Старого Генриха Ферна Эстер любила, потому что у него было пианино. Он жил на первом этаже обветшавшей виллы, пониже площади, на улице, спускавшейся к кладбищу. Дом его был неказистый, мрачноватый, неухоженный садик зарос сорняками, а на втором этаже всегда были закрыты ставни. Когда господин Ферн не вел уроки в школе, он безвылазно сидел в кухне и играл на пианино. Это было единственное пианино в деревне, а может быть, и во всех окрестных деревнях до самой Ниццы и Монте-Карло ни одного бы не сыскалось. Рассказывали, что, когда в гостинице поселились итальянцы, капитан карабинеров — его звали Мондолони и он очень любил музыку — хотел поставить инструмент в обеденном зале. Но господин Ферн сказал: «Забрать пианино вы, конечно, можете, на то вы и победители. Только знайте, играть там для вас я никогда не буду».
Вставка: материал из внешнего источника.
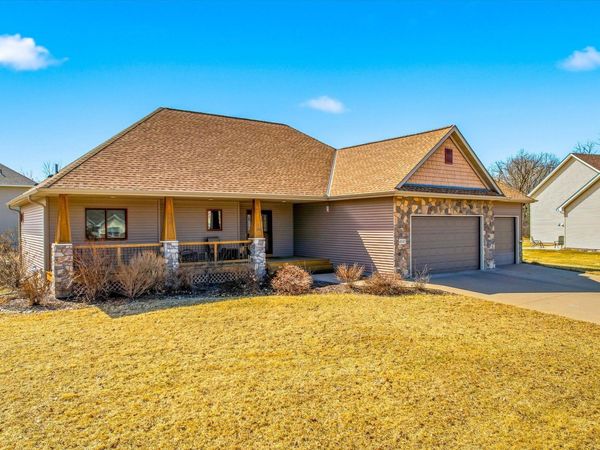 4945 382nd Drive, North Branch, MN 55056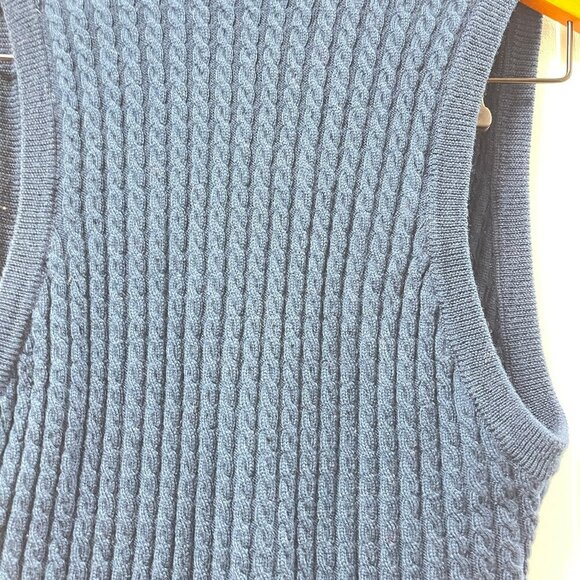 Vintage Preppy 100% Wool Knit Vest Navy – S/M - Picture 8 of 11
Он вообще ни для кого не играл. Жил один в своей старой вилле, и иногда под вечер, проходя мимо по улице, Эстер слышала за кухонной дверью музыку. Это было похоже на журчанье ручьев весной — нежные, легкие, летучие звуки лились, казалось, сразу отовсюду. Эстер останавливалась у калитки и слушала, а когда музыка кончалась, быстро убегала, чтобы он ее не увидел. Однажды она обмолвилась о пианино своей матери, и мать сказала, что господин Ферн был когда-то знаменитым пианистом — до войны, в Вене. Он давал концерты в больших залах, куда приходили дамы в вечерних платьях и господа в черных пиджаках. Когда в Австрию вошли немцы, они посадили всех евреев в лагеря, забрали и жену господина Ферна, а ему удалось бежать. Но с тех пор он не играл больше ни для кого. В деревне для него и инструмента не нашлось. Потом ему удалось купить пианино на побережье, он привез его в грузовике, спрятанное под брезентом, и поставил у себя в кухне.
Теперь, зная все это, Эстер едва осмеливалась подойти к его калитке. Она слушала звуки музыки, нежное журчанье нот, и ей отчего-то становилось так грустно, что слезы подступали к глазам.
В тот день было жарко, и вся деревня, казалось, спала, когда Эстер направилась к дому господина Ферна. В его саду росла большая шелковица. Эстер взобралась на ограду, цепляясь за прутья и прячась в тени дерева. В окне кухни она увидела силуэт господина Ферна, склонившегося над пианино. Клавиши из слоновой кости поблескивали в полумраке. Ноты падали каплями, на миг замирали и вновь текли, словно у них был свой тайный язык, словно и сам господин Ферн не знал, с чего начать. Эстер смотрела в окно изо всех сил, так смотрела, что глаза заболели. И вот тут-то музыка взаправду началась, хлынула из пианино, наполнила весь дом, сад, улицу, а потом вдруг стала нежной и загадочной. Теперь она летела, разливаясь, как вода в ручьях, прямо к облакам, к центру неба и смешивалась со светом. Она неслась по всем горам, долетала до истоков двух горных рек и сама была сильна, как река.